Verdict Boundary Condition

When $L = t$ (bounds lower equals threshold), the verdict is $\mathrm{Inconclusive}$ , not $\mathrm{Greater}$ . When $U = t$ (bounds upper equals threshold), the verdict is $\mathrm{Inconclusive}$ , not $\mathrm{Less}$ . The verdict is $\mathrm{Greater}$ only when $L > t$ (strictly).

This conservative choice reflects the discrete nature of confidence bounds: the true value could plausibly equal the boundary.

From Hypothesis Testing to Practical Thresholds

Compare1 embodies the Inversion Principle: instead of asking Can I reject the hypothesis that Center equals zero?, Compare1 answers Is Center reliably greater than my practical threshold?

Traditional hypothesis testing against zero may declare a $0.01\%$ difference statistically significant with large enough sample sizes, even when the difference is practically irrelevant.

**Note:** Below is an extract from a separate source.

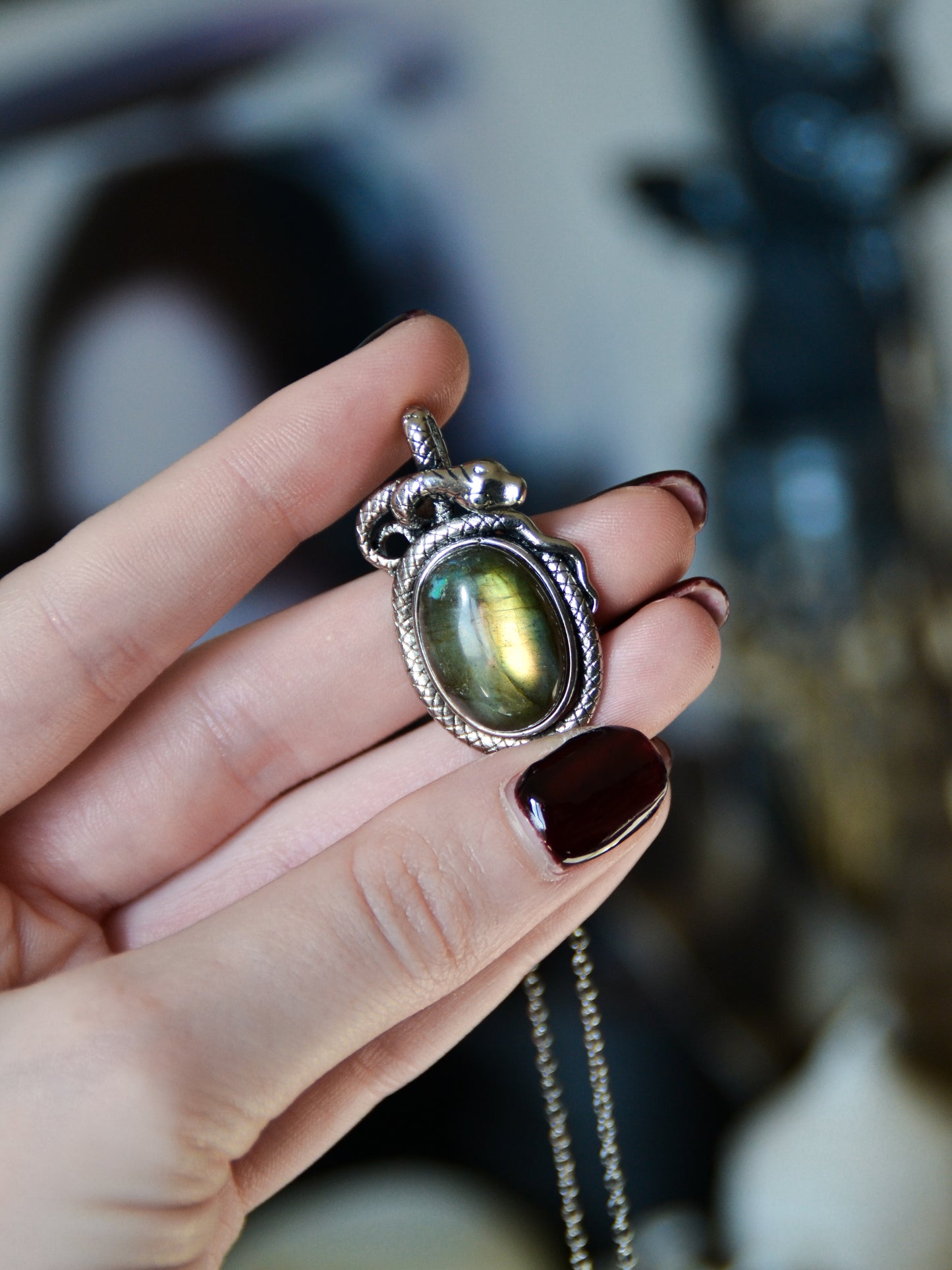 Ciondolo con montatura di serpente e labradorite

Compare1 forces explicit specification of practical thresholds and returns a ternary verdict ( $\mathrm{Less}$ , $\mathrm{Greater}$ , $\mathrm{Inconclusive}$ ) that respects both statistical uncertainty and practical relevance.

Tests

The $\operatorname{Compare1}$ test suite contains 18 test cases (5 demo + 3 multi-threshold + 1 order + 3 misrate + 3 natural + 3 error). All tests use seed "compare1-tests" for reproducibility. Each test case output is a JSON object with a projections array; each projection has estimate, lower, upper, and verdict fields.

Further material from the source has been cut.